Crawled caption data
---

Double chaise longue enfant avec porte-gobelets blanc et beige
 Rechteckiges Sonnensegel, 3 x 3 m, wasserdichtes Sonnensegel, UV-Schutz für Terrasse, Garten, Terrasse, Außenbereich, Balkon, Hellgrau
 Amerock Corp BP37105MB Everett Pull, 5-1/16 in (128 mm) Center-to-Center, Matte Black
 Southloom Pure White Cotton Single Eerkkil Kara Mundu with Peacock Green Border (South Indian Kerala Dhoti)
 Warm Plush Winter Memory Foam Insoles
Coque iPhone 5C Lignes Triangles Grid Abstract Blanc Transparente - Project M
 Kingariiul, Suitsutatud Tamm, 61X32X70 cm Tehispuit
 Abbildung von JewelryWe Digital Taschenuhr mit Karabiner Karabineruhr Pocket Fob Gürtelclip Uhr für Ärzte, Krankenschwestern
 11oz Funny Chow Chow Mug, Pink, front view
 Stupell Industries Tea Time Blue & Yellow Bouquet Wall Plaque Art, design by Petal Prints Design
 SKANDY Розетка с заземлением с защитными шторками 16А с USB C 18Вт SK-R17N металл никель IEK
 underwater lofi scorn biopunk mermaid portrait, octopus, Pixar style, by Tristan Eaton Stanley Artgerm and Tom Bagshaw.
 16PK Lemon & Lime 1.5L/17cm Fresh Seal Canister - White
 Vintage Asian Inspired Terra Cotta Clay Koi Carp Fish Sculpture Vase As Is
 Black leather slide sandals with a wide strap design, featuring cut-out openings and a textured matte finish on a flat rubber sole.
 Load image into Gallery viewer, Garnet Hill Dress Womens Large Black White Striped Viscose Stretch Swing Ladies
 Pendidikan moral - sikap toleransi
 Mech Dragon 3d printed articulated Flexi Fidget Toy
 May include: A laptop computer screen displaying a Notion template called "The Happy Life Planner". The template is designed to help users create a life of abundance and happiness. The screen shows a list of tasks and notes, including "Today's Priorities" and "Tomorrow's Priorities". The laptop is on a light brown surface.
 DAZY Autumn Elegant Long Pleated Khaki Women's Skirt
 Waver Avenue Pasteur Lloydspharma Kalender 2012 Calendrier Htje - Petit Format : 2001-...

---

Work item —
Scan the entries above for the line containing "11oz Funny Chow Chow Mug, Pink, front view", and copy it and all lines after it exactly, down to and including the line containing "Vintage Asian Inspired".

Your solution —
 11oz Funny Chow Chow Mug, Pink, front view
 Stupell Industries Tea Time Blue & Yellow Bouquet Wall Plaque Art, design by Petal Prints Design
 SKANDY Розетка с заземлением с защитными шторками 16А с USB C 18Вт SK-R17N металл никель IEK
 underwater lofi scorn biopunk mermaid portrait, octopus, Pixar style, by Tristan Eaton Stanley Artgerm and Tom Bagshaw.
 16PK Lemon & Lime 1.5L/17cm Fresh Seal Canister - White
 Vintage Asian Inspired Terra Cotta Clay Koi Carp Fish Sculpture Vase As Is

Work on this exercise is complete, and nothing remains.